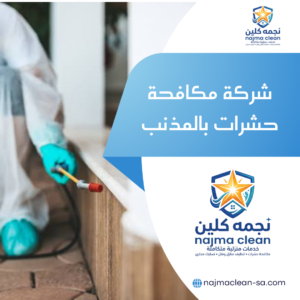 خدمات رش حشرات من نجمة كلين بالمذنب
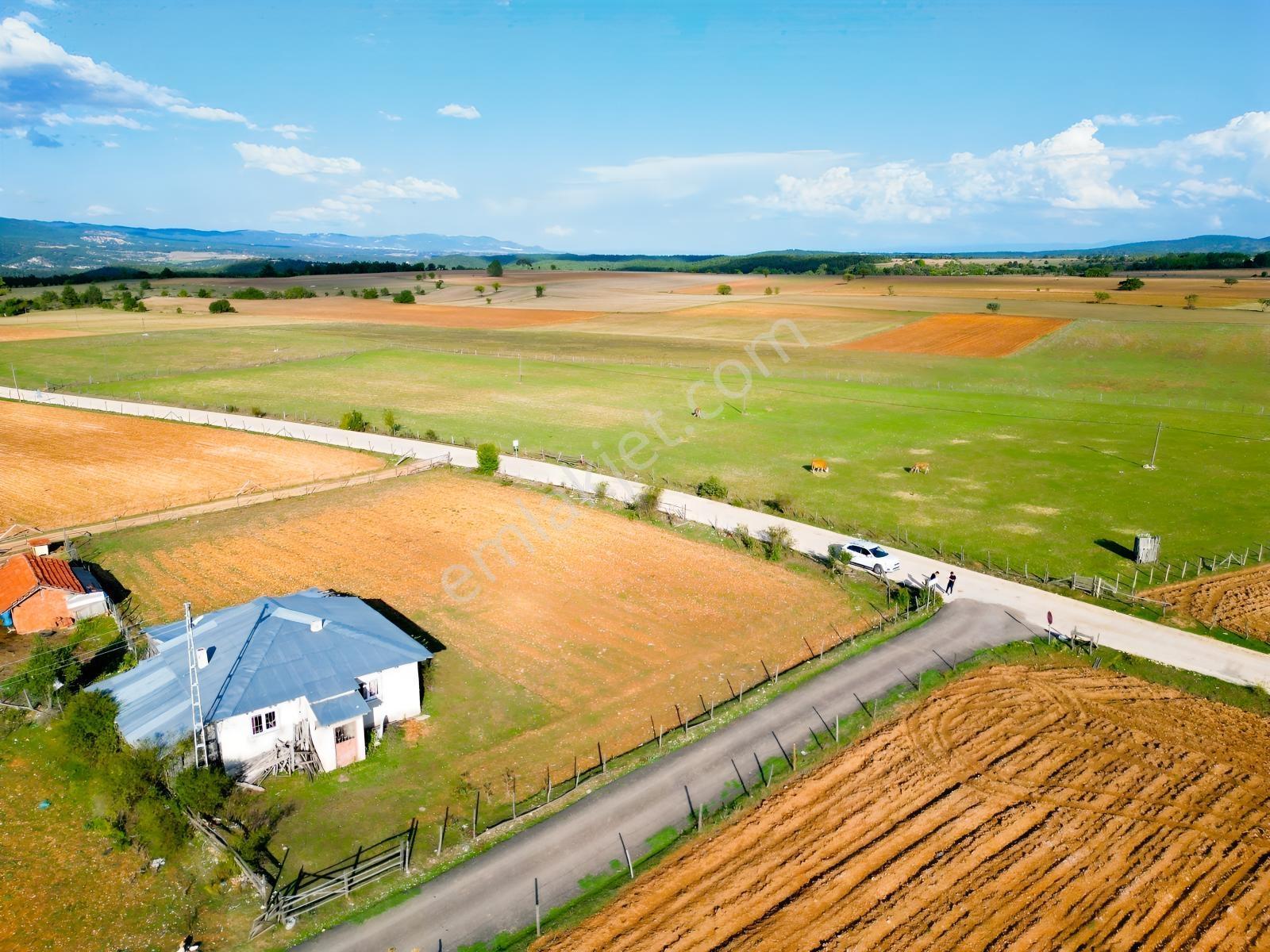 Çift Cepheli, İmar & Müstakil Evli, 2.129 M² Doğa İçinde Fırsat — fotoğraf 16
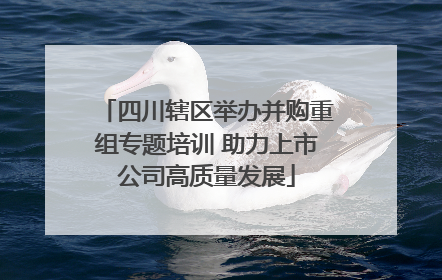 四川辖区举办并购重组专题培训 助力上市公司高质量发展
·····
Take the line containing "Çift Cepheli, İmar" through the last line of the material and retype exactly those lines, both ends included, with no pictures.

§ PROBLEM SOLUTION
 Çift Cepheli, İmar & Müstakil Evli, 2.129 M² Doğa İçinde Fırsat — fotoğraf 16
 四川辖区举办并购重组专题培训 助力上市公司高质量发展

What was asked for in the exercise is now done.